---- Data provided

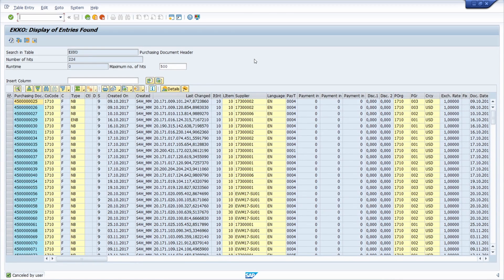Welcome to this video. In this video I would like to show and explain how you can automate a file export from SAP — specifically from the SAP GUI to Excel.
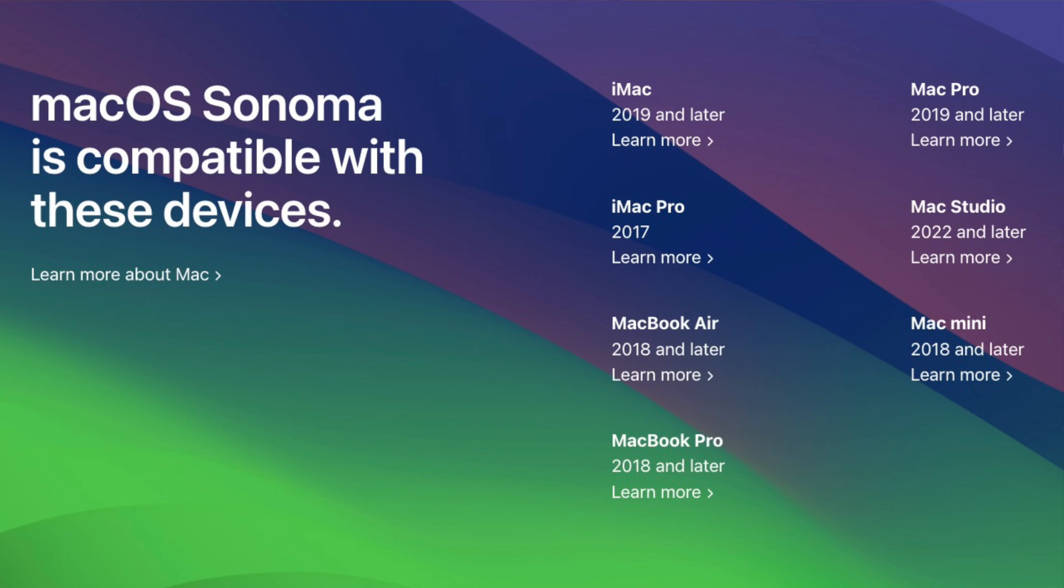With macOS Sonoma, Apple killed support for a lot of Mac models from 2017 and older. But what if your model is from 2017 or older?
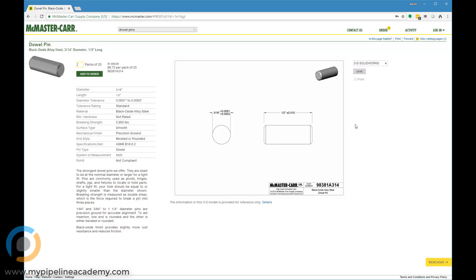McMaster-Carr, fantastic resource. Absolutely get to know their website and the different kinds of products they offer because it will be one of your best friends as a mechanical designer.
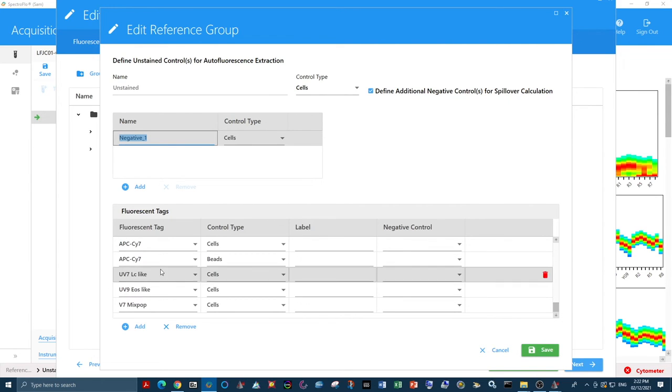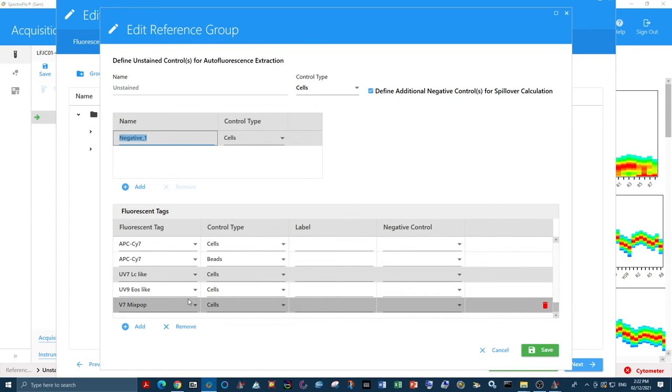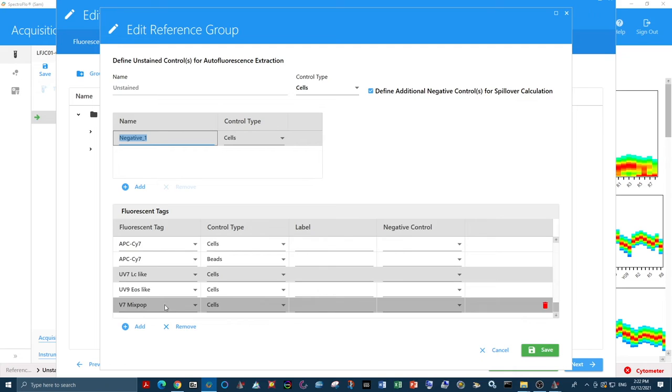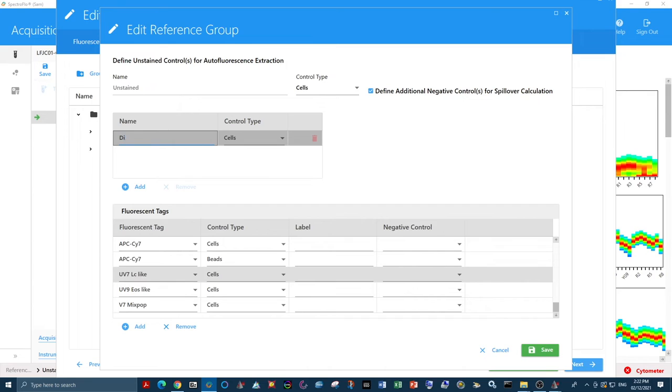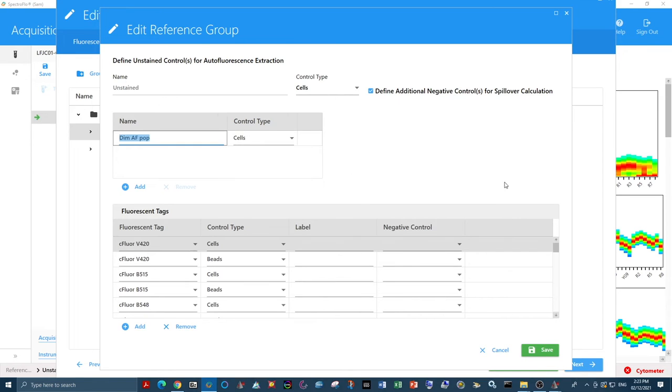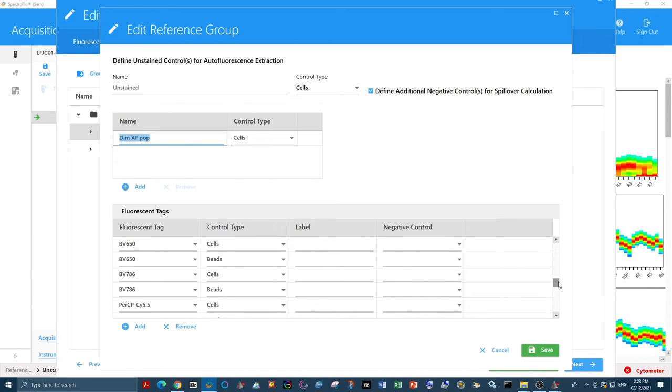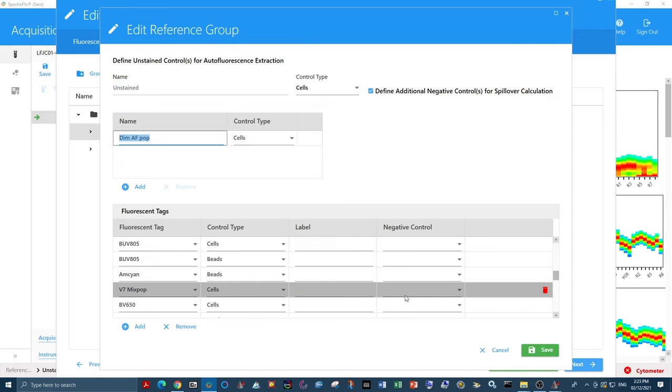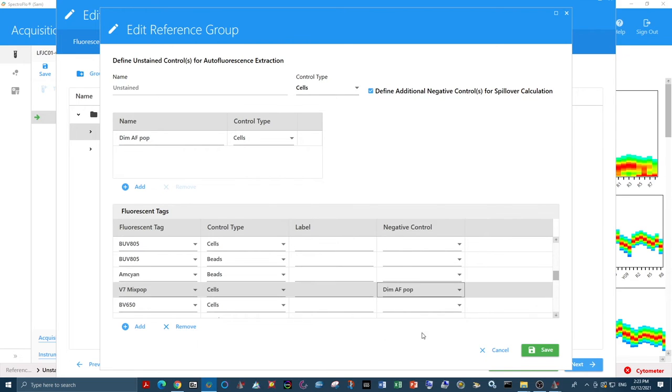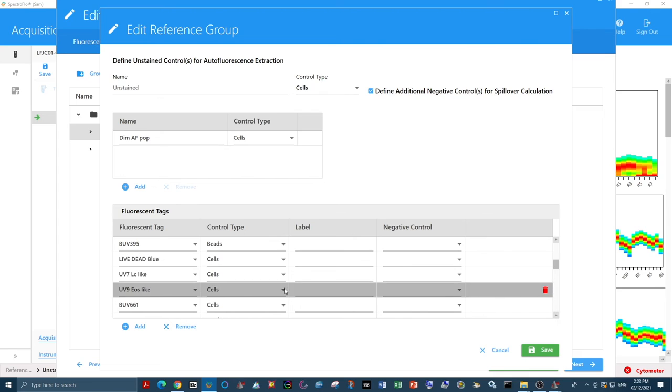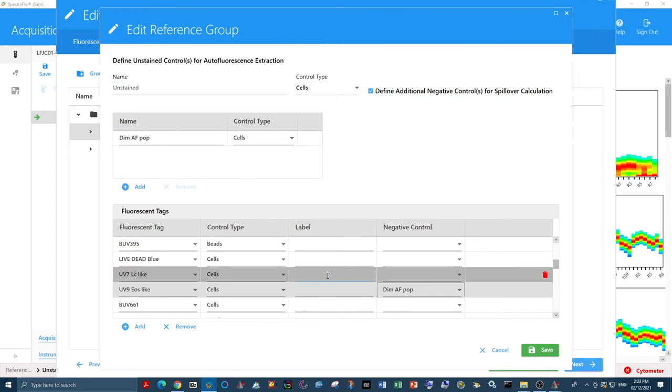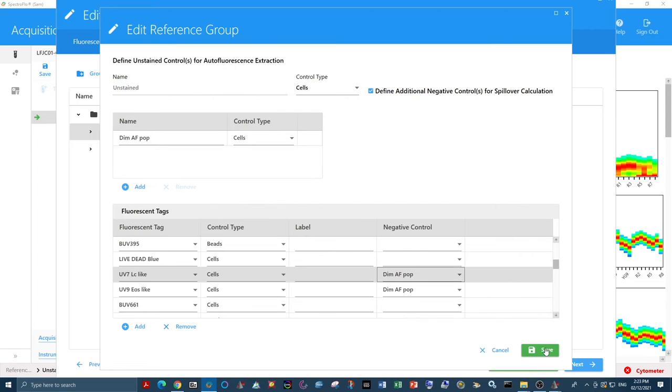Now we need to define an additional negative control for spillover calculation. Because the populations that we just exported are only positive, we only exported the brightest events in these populations. So to unmix, we of course need a negative. That's where our dim autofluorescent population comes in. And of course, we need to designate this negative control for our tags that we just put in.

--------

What is needed is an exact copy of the data, with the pictures removed.

Welcome to this video. In this video I would like to show and explain how you can automate a file export from SAP — specifically from the SAP GUI to Excel.
With macOS Sonoma, Apple killed support for a lot of Mac models from 2017 and older. But what if your model is from 2017 or older?
McMaster-Carr, fantastic resource. Absolutely get to know their website and the different kinds of products they offer because it will be one of your best friends as a mechanical designer.
Now we need to define an additional negative control for spillover calculation. Because the populations that we just exported are only positive, we only exported the brightest events in these populations. So to unmix, we of course need a negative. That's where our dim autofluorescent population comes in. And of course, we need to designate this negative control for our tags that we just put in.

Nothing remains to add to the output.